Retype, word for word, only the lines from the one with "office closure office" through the last line of the data below.

RECORDS FOR THIS EXERCISE

----

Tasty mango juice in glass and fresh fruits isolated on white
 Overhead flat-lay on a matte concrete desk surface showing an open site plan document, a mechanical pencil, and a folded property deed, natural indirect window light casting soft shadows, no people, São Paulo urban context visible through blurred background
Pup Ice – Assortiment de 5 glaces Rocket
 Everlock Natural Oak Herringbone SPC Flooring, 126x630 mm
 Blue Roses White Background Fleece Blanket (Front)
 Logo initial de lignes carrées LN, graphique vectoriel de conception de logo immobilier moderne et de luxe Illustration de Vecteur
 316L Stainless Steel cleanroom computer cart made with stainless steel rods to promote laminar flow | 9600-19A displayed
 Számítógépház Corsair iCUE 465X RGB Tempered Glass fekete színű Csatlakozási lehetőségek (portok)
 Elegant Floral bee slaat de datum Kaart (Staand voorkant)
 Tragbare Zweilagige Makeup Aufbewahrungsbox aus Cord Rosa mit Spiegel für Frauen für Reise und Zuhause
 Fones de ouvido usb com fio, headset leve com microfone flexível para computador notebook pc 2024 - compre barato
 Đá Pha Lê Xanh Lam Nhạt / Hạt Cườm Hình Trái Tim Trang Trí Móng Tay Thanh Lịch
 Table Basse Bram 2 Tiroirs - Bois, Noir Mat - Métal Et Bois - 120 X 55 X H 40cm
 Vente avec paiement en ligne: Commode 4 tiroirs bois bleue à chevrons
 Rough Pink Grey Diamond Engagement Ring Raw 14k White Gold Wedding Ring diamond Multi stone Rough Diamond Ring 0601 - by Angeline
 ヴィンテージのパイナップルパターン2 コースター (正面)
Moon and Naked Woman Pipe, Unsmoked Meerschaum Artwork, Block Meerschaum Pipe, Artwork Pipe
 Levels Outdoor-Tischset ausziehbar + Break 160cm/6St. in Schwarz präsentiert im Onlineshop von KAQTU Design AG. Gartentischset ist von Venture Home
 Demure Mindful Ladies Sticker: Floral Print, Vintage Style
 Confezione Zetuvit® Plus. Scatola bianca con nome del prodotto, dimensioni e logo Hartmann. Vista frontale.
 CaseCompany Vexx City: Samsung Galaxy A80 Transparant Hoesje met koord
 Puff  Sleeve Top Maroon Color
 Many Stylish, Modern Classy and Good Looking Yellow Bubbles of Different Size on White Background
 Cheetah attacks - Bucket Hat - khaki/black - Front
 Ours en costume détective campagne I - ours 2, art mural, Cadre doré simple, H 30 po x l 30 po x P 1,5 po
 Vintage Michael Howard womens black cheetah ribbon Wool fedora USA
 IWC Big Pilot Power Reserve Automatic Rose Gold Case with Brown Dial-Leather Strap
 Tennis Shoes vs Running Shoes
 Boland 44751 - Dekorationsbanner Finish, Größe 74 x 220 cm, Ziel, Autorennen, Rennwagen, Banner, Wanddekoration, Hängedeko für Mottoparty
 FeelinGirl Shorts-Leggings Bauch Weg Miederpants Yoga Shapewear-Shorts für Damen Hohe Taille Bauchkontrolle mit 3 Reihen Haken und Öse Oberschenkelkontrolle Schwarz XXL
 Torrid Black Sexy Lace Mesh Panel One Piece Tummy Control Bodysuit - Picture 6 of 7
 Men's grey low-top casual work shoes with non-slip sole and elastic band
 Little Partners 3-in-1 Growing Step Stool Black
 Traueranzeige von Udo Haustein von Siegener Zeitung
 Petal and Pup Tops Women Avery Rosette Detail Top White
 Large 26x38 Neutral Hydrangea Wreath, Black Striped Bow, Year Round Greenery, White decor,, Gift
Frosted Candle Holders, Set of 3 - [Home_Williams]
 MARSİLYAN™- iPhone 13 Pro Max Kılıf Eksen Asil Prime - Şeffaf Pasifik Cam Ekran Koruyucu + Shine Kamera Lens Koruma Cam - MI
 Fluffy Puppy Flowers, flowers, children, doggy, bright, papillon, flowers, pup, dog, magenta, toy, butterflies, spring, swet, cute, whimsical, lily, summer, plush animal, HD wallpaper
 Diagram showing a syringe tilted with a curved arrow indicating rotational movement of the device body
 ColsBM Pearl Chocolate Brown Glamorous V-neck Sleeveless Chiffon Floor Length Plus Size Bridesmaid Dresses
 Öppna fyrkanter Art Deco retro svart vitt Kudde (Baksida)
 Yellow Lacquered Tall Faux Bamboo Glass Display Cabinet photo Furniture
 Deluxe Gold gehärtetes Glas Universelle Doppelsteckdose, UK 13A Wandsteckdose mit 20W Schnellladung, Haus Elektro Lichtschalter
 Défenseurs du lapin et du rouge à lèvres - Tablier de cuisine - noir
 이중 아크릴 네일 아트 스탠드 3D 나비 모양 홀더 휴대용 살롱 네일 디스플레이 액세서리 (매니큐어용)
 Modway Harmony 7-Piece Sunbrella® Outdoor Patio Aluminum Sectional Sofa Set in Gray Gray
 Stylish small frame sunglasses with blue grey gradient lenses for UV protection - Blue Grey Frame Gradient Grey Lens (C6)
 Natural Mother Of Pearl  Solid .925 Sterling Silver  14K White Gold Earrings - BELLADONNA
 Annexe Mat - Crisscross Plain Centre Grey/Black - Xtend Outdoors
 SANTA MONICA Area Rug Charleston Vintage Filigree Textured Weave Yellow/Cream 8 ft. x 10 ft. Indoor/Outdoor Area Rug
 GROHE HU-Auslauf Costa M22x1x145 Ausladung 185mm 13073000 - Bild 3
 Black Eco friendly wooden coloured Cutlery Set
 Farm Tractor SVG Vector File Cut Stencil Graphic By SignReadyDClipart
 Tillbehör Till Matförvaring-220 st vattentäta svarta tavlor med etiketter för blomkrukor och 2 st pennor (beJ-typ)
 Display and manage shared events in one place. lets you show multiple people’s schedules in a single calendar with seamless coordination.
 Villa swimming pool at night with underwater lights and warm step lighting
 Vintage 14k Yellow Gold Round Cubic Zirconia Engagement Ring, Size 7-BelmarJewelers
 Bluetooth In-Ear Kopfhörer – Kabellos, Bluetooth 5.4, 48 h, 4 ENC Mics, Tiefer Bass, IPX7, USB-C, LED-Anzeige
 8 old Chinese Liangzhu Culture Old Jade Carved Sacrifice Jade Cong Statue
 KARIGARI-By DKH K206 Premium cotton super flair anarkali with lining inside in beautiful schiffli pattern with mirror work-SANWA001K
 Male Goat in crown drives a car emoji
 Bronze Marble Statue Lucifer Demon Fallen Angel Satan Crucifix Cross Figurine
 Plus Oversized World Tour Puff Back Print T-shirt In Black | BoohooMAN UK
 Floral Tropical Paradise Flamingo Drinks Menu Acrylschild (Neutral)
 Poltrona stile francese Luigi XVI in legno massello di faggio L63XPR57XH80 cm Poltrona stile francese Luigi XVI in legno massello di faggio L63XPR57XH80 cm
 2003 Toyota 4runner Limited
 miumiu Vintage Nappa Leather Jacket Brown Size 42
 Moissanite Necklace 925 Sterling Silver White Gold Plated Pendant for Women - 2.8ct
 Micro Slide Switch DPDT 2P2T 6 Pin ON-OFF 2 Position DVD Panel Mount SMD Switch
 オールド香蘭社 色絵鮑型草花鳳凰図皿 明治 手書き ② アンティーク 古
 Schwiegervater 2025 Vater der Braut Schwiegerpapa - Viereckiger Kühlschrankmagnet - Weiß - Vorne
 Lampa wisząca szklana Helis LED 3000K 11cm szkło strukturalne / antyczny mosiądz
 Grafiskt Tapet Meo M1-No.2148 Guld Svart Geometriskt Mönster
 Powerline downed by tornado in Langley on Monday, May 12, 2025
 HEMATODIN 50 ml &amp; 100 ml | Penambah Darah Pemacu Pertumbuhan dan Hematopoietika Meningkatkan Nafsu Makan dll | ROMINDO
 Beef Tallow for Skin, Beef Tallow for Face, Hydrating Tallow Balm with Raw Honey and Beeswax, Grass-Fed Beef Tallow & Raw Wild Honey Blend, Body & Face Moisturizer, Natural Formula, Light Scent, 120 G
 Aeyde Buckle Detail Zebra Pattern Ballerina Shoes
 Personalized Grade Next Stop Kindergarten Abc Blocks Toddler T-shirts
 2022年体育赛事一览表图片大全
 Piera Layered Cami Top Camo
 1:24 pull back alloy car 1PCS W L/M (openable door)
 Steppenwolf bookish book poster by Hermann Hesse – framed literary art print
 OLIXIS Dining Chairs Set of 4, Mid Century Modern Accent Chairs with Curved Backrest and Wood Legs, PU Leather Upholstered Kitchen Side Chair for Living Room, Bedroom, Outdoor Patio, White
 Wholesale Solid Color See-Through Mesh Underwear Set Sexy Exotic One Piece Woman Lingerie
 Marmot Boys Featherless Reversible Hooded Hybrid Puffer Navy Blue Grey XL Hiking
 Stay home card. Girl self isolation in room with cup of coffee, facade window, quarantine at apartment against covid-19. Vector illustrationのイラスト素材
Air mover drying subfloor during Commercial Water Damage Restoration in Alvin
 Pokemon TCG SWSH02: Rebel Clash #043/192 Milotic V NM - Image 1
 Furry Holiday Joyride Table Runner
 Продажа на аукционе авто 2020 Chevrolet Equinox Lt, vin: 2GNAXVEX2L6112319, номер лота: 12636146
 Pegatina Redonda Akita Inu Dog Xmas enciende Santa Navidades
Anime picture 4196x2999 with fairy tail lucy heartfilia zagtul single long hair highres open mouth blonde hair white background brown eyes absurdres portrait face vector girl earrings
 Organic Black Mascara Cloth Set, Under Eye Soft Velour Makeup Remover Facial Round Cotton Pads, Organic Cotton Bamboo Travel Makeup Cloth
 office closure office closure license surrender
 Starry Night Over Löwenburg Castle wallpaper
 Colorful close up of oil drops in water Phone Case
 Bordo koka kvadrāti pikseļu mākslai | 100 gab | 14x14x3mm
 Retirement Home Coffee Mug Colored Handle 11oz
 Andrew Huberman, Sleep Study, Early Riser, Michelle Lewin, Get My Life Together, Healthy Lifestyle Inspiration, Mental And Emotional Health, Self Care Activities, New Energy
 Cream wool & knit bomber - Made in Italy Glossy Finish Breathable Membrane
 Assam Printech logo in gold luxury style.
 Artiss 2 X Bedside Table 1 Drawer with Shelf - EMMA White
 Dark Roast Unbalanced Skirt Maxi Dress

----

RESULT OF THE EXERCISE
 office closure office closure license surrender
 Starry Night Over Löwenburg Castle wallpaper
 Colorful close up of oil drops in water Phone Case
 Bordo koka kvadrāti pikseļu mākslai | 100 gab | 14x14x3mm
 Retirement Home Coffee Mug Colored Handle 11oz
 Andrew Huberman, Sleep Study, Early Riser, Michelle Lewin, Get My Life Together, Healthy Lifestyle Inspiration, Mental And Emotional Health, Self Care Activities, New Energy
 Cream wool & knit bomber - Made in Italy Glossy Finish Breathable Membrane
 Assam Printech logo in gold luxury style.
 Artiss 2 X Bedside Table 1 Drawer with Shelf - EMMA White
 Dark Roast Unbalanced Skirt Maxi Dress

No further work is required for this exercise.